Exercise details>
Your task is to extract the lines from the one holding "Close-up of roasted" through the end of the material. Set them down exactly and add nothing.

Data segment>

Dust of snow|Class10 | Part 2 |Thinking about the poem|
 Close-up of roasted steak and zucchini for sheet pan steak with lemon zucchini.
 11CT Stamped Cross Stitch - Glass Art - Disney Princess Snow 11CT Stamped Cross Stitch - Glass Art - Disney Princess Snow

Task answer>
 Close-up of roasted steak and zucchini for sheet pan steak with lemon zucchini.
 11CT Stamped Cross Stitch - Glass Art - Disney Princess Snow 11CT Stamped Cross Stitch - Glass Art - Disney Princess Snow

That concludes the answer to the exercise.